Work to be completed
In the records that follow, find the line containing "A Columbine wildflower" and the line containing "Angel of the Harvest Movie Streaming Online", then transcribe both and every line between them exactly, omitting pictures.

Start of Information

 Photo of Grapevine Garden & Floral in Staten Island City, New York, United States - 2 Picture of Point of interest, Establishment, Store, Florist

End of Information
Start of Information

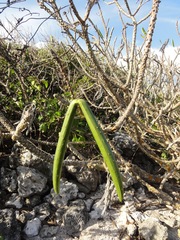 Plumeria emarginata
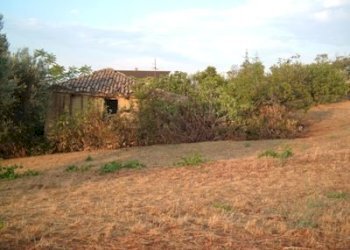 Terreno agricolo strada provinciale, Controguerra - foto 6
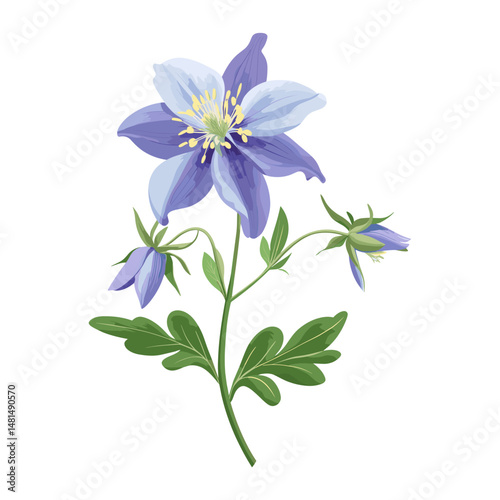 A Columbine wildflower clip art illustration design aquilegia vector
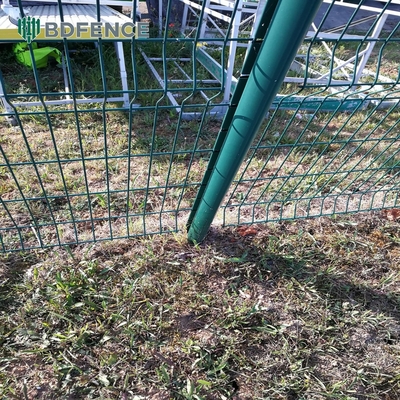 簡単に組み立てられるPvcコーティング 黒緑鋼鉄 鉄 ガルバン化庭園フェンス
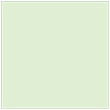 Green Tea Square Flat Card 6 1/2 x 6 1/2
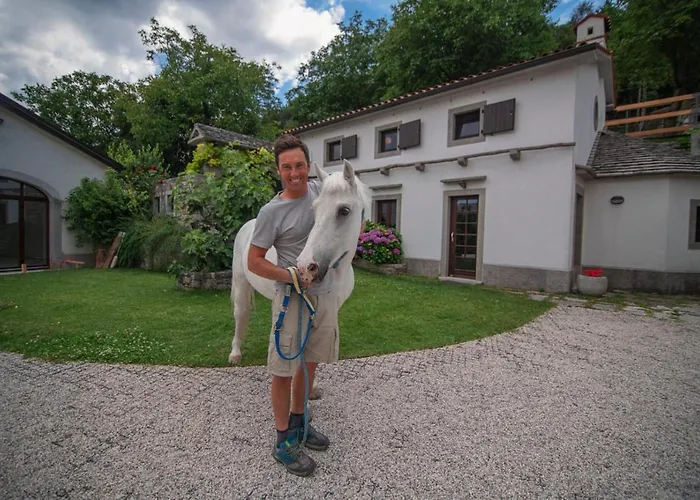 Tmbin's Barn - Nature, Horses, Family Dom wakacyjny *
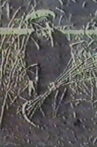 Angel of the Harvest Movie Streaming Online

End of Information

Completed task
 A Columbine wildflower clip art illustration design aquilegia vector
 簡単に組み立てられるPvcコーティング 黒緑鋼鉄 鉄 ガルバン化庭園フェンス
 Green Tea Square Flat Card 6 1/2 x 6 1/2
 Tmbin's Barn - Nature, Horses, Family Dom wakacyjny *
 Angel of the Harvest Movie Streaming Online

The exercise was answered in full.